To Do for Week 11: Write, Write, Write

beta-reader kittenYou may have noticed that I didn’t do a “To Do” post for last week. That’s because last week was Fall Break at Ball State. We didn’t have class on Tuesday, and on Thursday, students turned in their Reverse Storyboard project. I passed out “The Publishing Packet,” which you only get in full if you take my class for realz. Sorry.

This week, students get what I call “Studio Time.” It’s almost time to share our novels with others!

Inside:

T 10/29

  • Week 10 Blog Post Due: Chelsea Jackman

Th 10/31

  • Weekly Words #10 (last one): due Sunday, 11/3 at 5 PM. Focus: None. Write what you want.

  • Due : Packet from Group 1: 1.)Jacket Copy, 2.) 20-40 page “chunk” of the manuscript and 3.) Outline/Storyboard. Put in your groups Google Doc Folder. This should be ONE DOCUMENT, not three.

I’ve broken the students into three groups based on what kind of novel they’re writing.

  1. Students in Beta Group 1 are mostly working on novels that are Fantastical, not of our world.
  2. Students in Beta Group 2 are mostly working on novels that are Realism or Satire. We have a thriller, a memoir, a historical baseball novel, a satire, etc.
  3. Students in Beta Group 3 are mostly working on novels that set in our world, but have some sort of Supernatural or Paranormal or Sci-Fi element to them.

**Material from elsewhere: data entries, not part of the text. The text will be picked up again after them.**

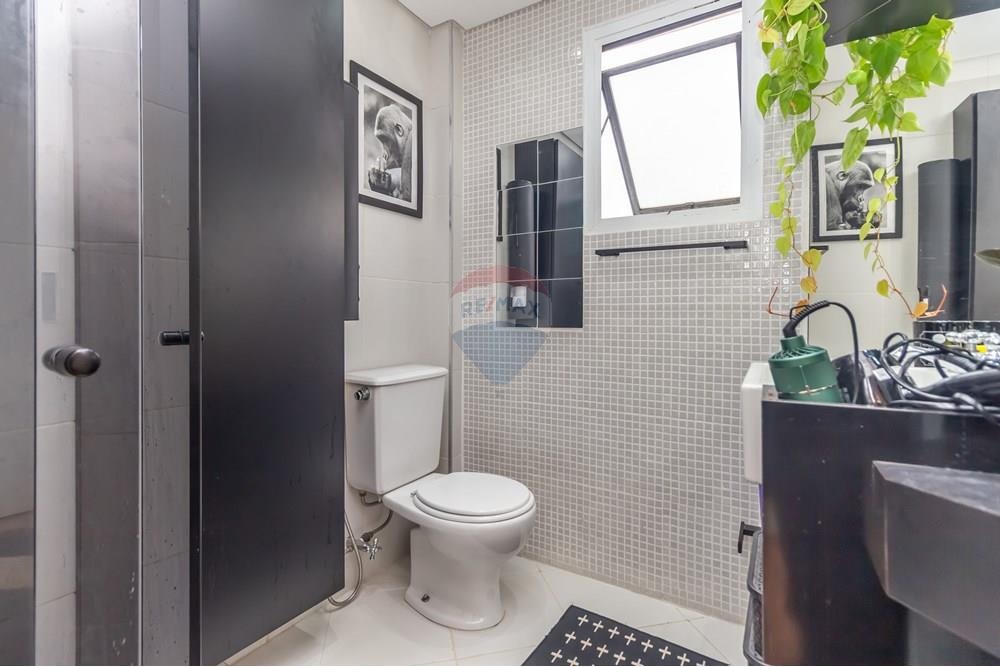 Cobertura - Venda - São Paulo , São Paulo - IMG_562119.jpg - 601721050-3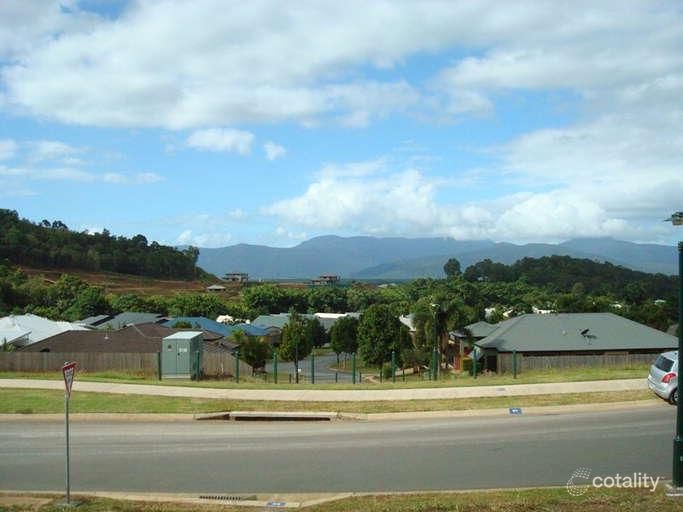 29 Barringtonia St, Mount Sheridan, QLD 4868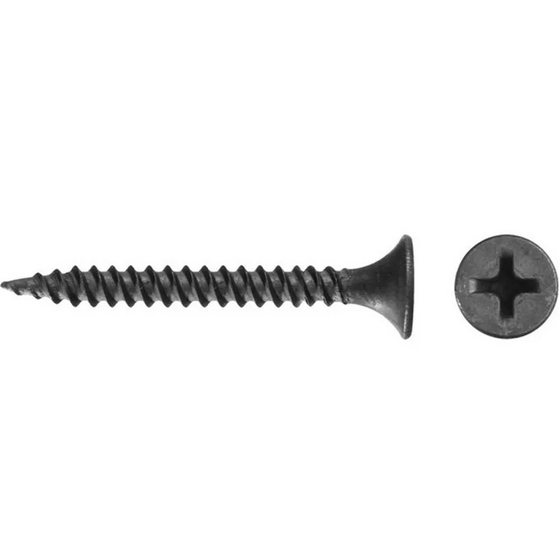 articul-A144484
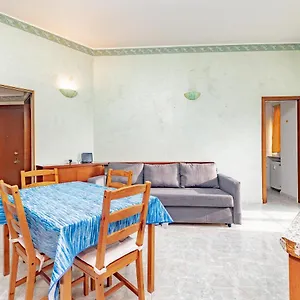 https://its-home-casa-vintage-san-paolo.it-lombardy.com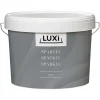 Luxi Sparkel grov 3 liter - | Sparkelmasse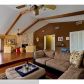 11690 SW 24TH ST, Fort Lauderdale, FL 33325 ID:10111013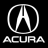 Acura TLX News
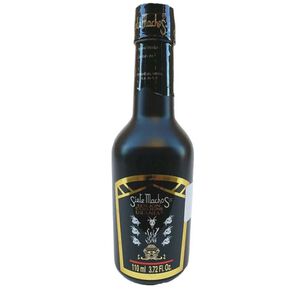 Loc-Siete-Machos-110Ml-------248-imagen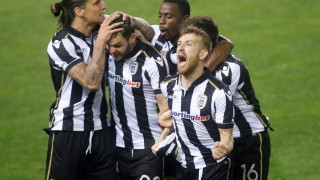 Με 7 στα 7 το απίθανο                        θα γίνει πολύ πιθανό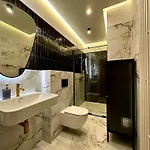 Slonski Loft Nikiszowiec * Katovice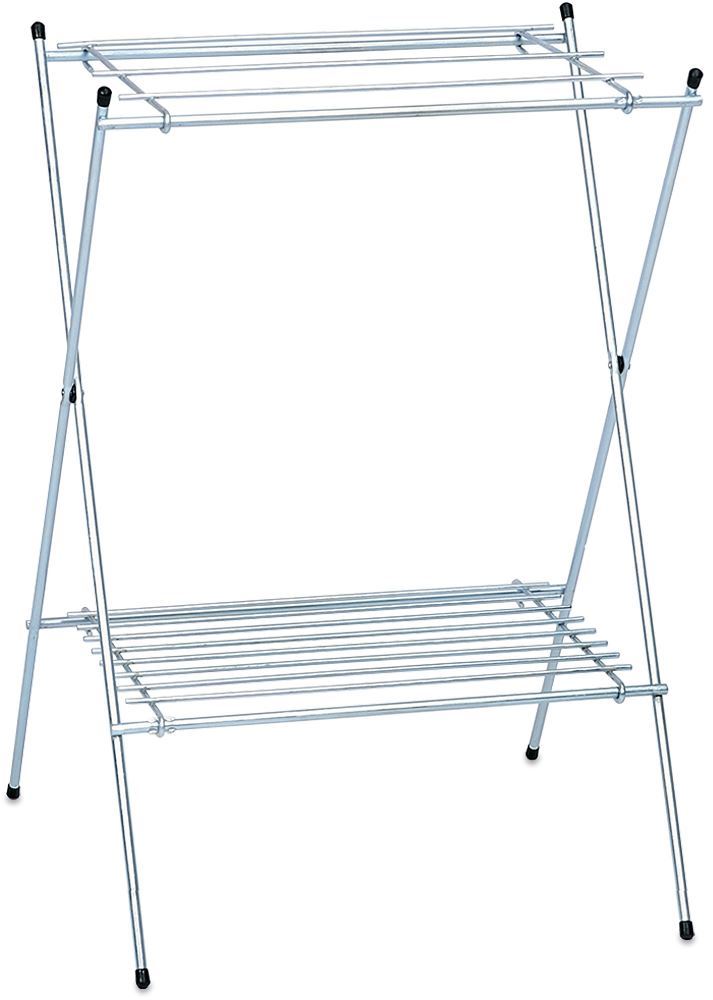 0036698_stove-stand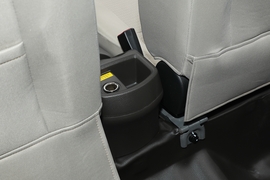 2022款五菱荣光S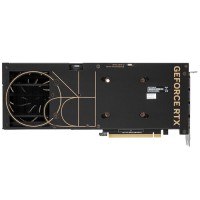 Видеокарта ASUS (PROART-RTX4060-O8G) GeForce RTX 4060 8GB PROART OC 90YV0JM0-M0NA00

Starting next week, I will be meeting with each Beta Group during class time. The other two groups will use class time to write, write, write.

Starting next week, I will be reading over 100 pages a week.

In most workshops, the work comes at the teacher and fellow students at a manageable rate. Students get lots of feedback, but they don’t write as much. In this class, we don’t do all-class workshop so that students can write more. I haven’t been commenting on their Weekly Words, but now, I will be commenting on their Partials.

Basically, I do the “Reading-and-Responding-to-Student-Work” part of my job in an intense, three-week period rather than spread out over the course of the semester.

Outside:

From this point on, there are no themes or topics. The “content” portion of the class is done.

In a sense, you’re sort of on your own at this point, but you will continue to hear from the students in the class, and I do have some advice for you.

Decide right now: do you want

a.) to just keep writing?

b.) do you want to share your novel with others?

If the answer is A

Good for you. Keep it up. See ya later.

If the Answer is B

If the answer is B, then start compartmentalizing your writing time. Differentiate between DRAFTING NEW PAGES and REVISING THE BEGINNING. Don’t stop writing your way into the book.

Find your beta readers.

One advantage of showing your work to others is that if the conversation goes well, you’ll feel fired up to keep going. Also: fixing the foundation of your novel might prevent the whole thing from collapsing. But if the conversation goes badly, you might feel discouraged. It’s up to you. If you decide to show your work to others, make it clear that you are not looking for a thorough critique. You’re looking for encouragement. This is not the time to rip anybody to shreds.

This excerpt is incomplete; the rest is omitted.